(Aim of the task) Omit every picture, then return the listing verbatim.
====
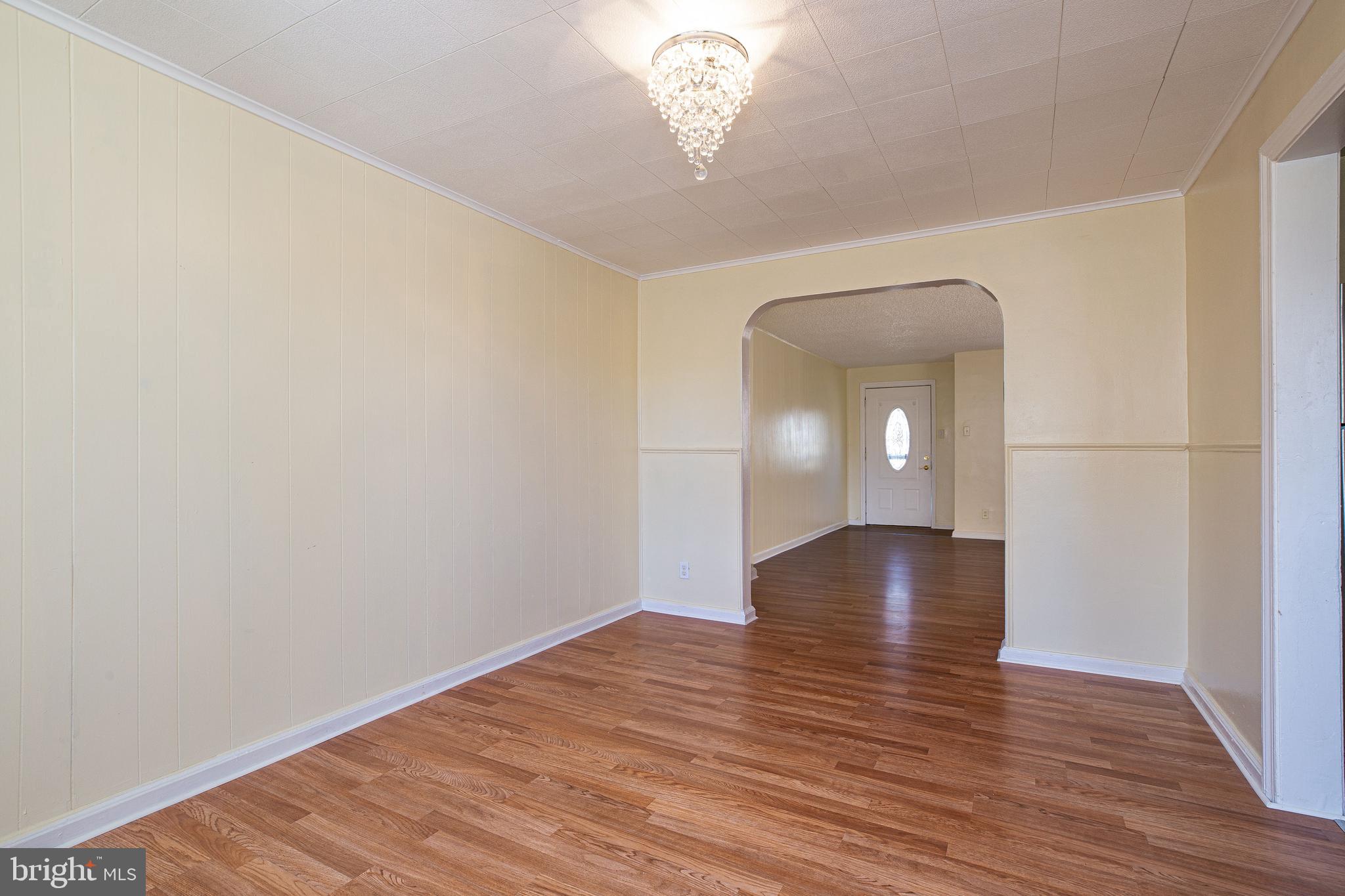 303 Copley Road Upper Darby, PA 19082 - Photo 11 of 19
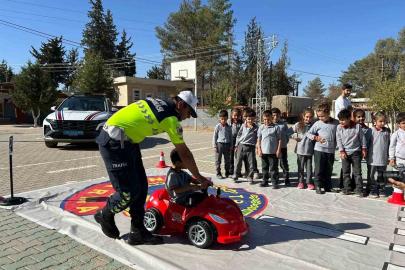 Kilis’te ilkokul öğrencilerine mobil trafik aracıyla eğitim verildi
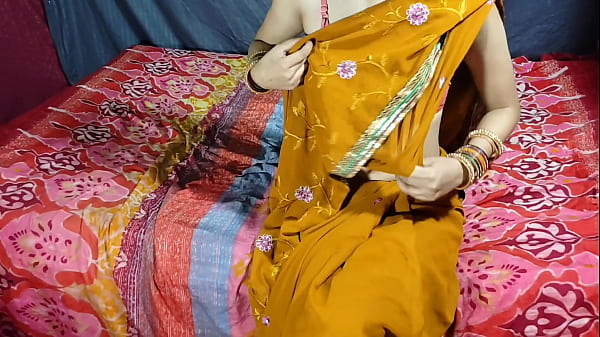 Play MP4 - Beautiful Desi Bhabhi Fucked By Her Big Dick Devar in Hindi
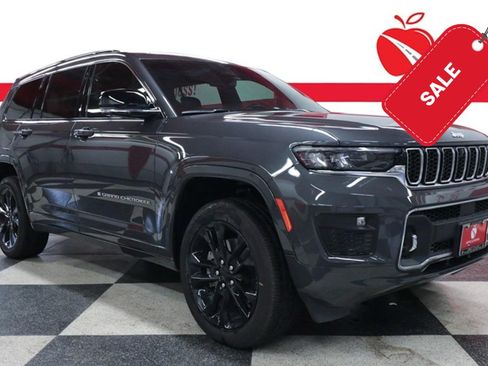 Used 2024 Jeep Grand Cherokee L Overland w/ Advanced Protech Group III AWD/4WD image 1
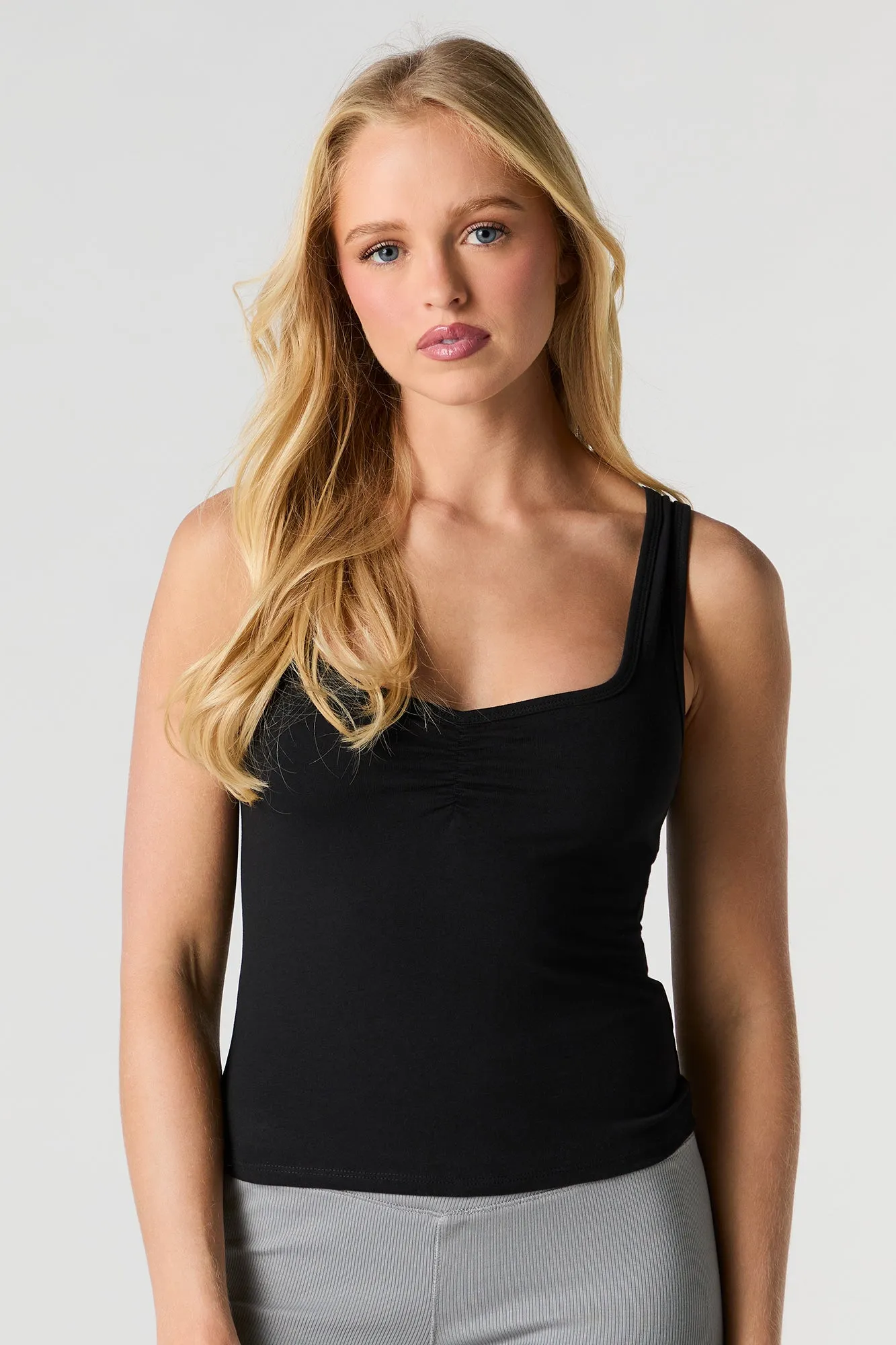 Camisole cintrée à encolure en coeur sold by Urban Planet product image thumbnail 4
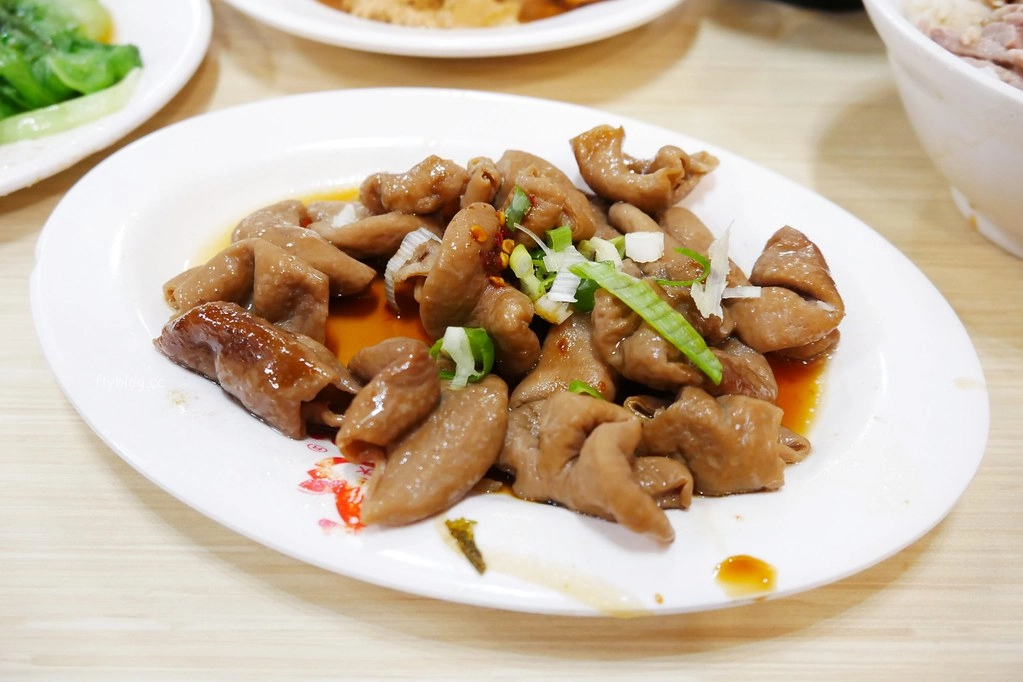 嘉義西區｜噴水雞肉飯：都是觀光客在吃的？在地一甲子的雞肉飯店，評價兩極自已吃過才準 @飛天璇的口袋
====
(Response to this exercise)
 303 Copley Road Upper Darby, PA 19082 - Photo 11 of 19
 Kilis’te ilkokul öğrencilerine mobil trafik aracıyla eğitim verildi
 Play MP4 - Beautiful Desi Bhabhi Fucked By Her Big Dick Devar in Hindi
 Used 2024 Jeep Grand Cherokee L Overland w/ Advanced Protech Group III AWD/4WD image 1
 Camisole cintrée à encolure en coeur sold by Urban Planet product image thumbnail 4
 嘉義西區｜噴水雞肉飯：都是觀光客在吃的？在地一甲子的雞肉飯店，評價兩極自已吃過才準 @飛天璇的口袋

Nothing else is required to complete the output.